After several months had passed, we appealed to Senator Blunt's office for assistance in resolving the issue with IRS. It was because of this appeal to the Senator that the IRS assigned an Advocate to us. Since this application is really a formality, and there is no significant monetary impact on the U.S. revenue system, one would think that it would be less expensive to find the paperwork and approve it than to hire an advocate and perpetuate the paper trail with added human resources and further delays. Instead, the advocate asked that we provide essentially the same justification that we did in the initial application as well as income/expense statements and impact statements—which we did. The purpose of the call from our advocate this morning was to advise that our information had been received and would be forwarded to the IRS department responsible, but that "Expedited" action by the IRS was not likely. Say What? The U.S. government has been sitting on this application for seven months and it would take "Expedited" action to approve it?
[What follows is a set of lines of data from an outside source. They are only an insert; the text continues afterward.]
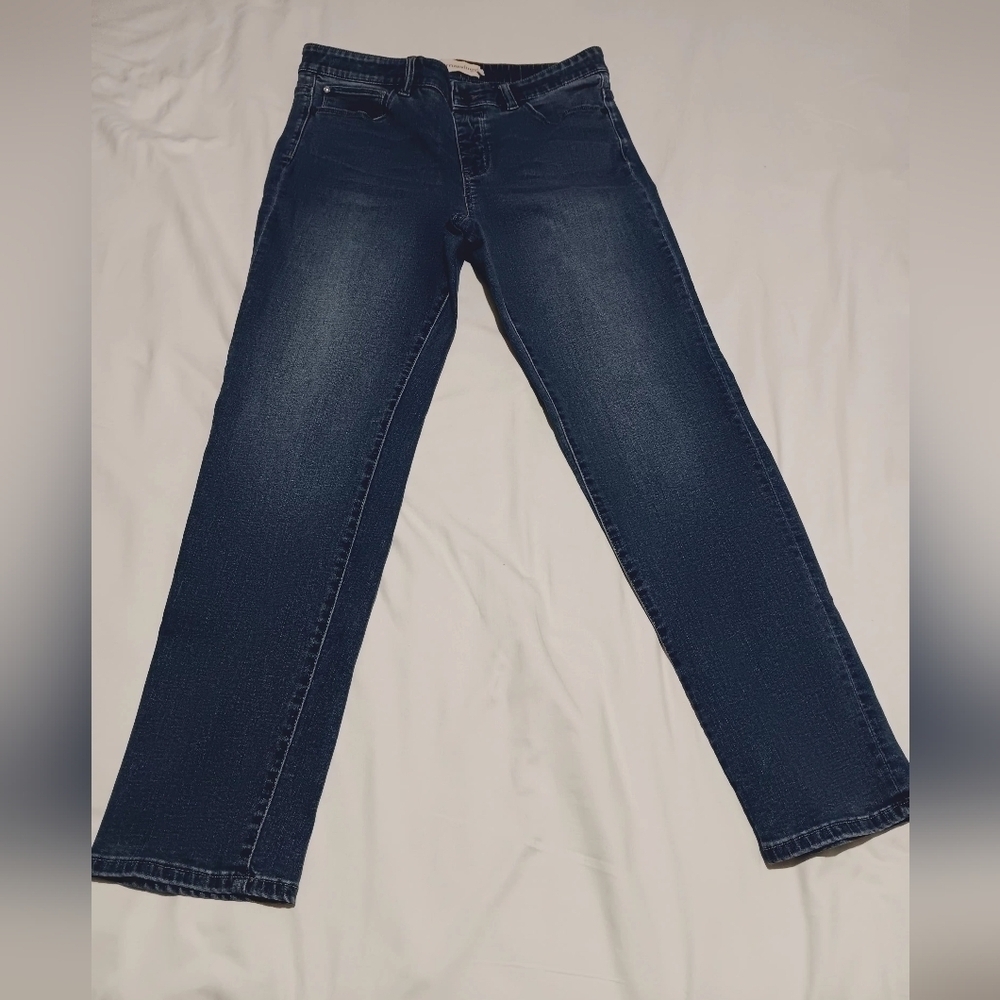 Soft Surroundings Denim Pull-On high waist, Pants Size M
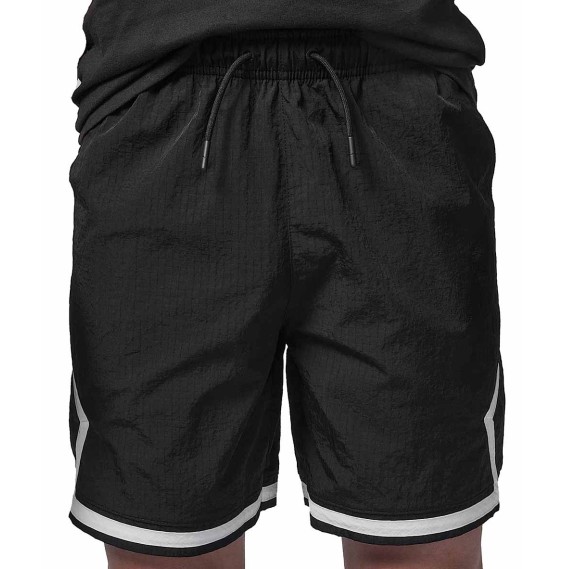 Buy Junior Jordan Woven Diamond Black Shorts | 24Segons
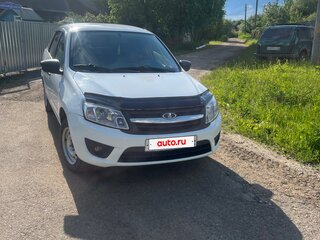2017 Lada (ВАЗ) Granta I, белый, 525000 рублей, вид 1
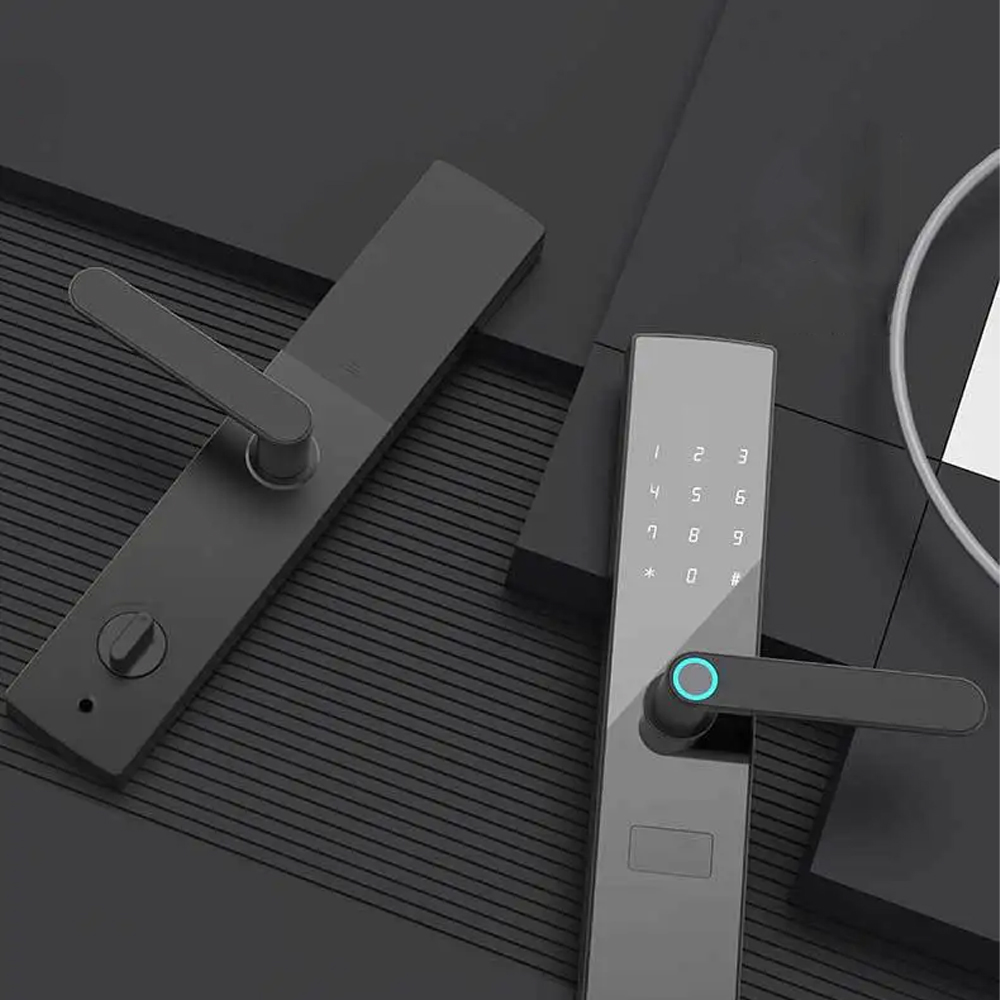 TaffHOME Smart Door Lock Fingerprint Password Card TTLock App - F15 Gambar produk TaffHOME Smart Door Lock Fingerprint Password Card TTLock App - F15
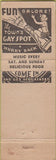 Matchbook Cover - Dudgie's Grove Inn Lindenwold NJ girlie back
My blood pressure was beginning to rise, but the disarming nature of the Advocate diffused what could easily have become a melt-down (not that a melt-down would have done any good).
The whole point of requesting 501c3 status is to facilitate federal tax deductions for donations made to the Archive. Since the Archive pays no rent, has no paid employees, no compensation for directors and no expense accounts for managers, there can be little confusion about where the income from donations goes. It is used entirely for operational support. The Archive website at http://416th.com is one of the most comprehensive resources and valuable online research tools of any WWII combat unit. The Archive Facebook page has drawn together 416th family and friends from across the country and even from England and Europe. The Archive video taping program has preserved more than 50 hours of interviews with 416th veterans. The black granite Wall of Honor at the Archive has some sixty names of veterans already engraved and more to come. The Archive digital and original copy files already include tens of thousands of pages of directly related historical documents and new accessions are constantly adding to that resource.
When will the IRS see fit to approve the 416th Bomb Group Application? That's a question for the ages. Rest assured it will not be this week as everyone is on holiday celebrating the contributions of these same veterans. It reminds me of the old folk song about the "Man who never returned". Meanwhile, the uncertainty does little to encourage growth and the window for capturing memories of these WWII veterans is rapidly closing. Fortunately, we have an advocate on our side. What might the situation be without this government generosity?
Have to run now, the dogs are at the door barking to get back in.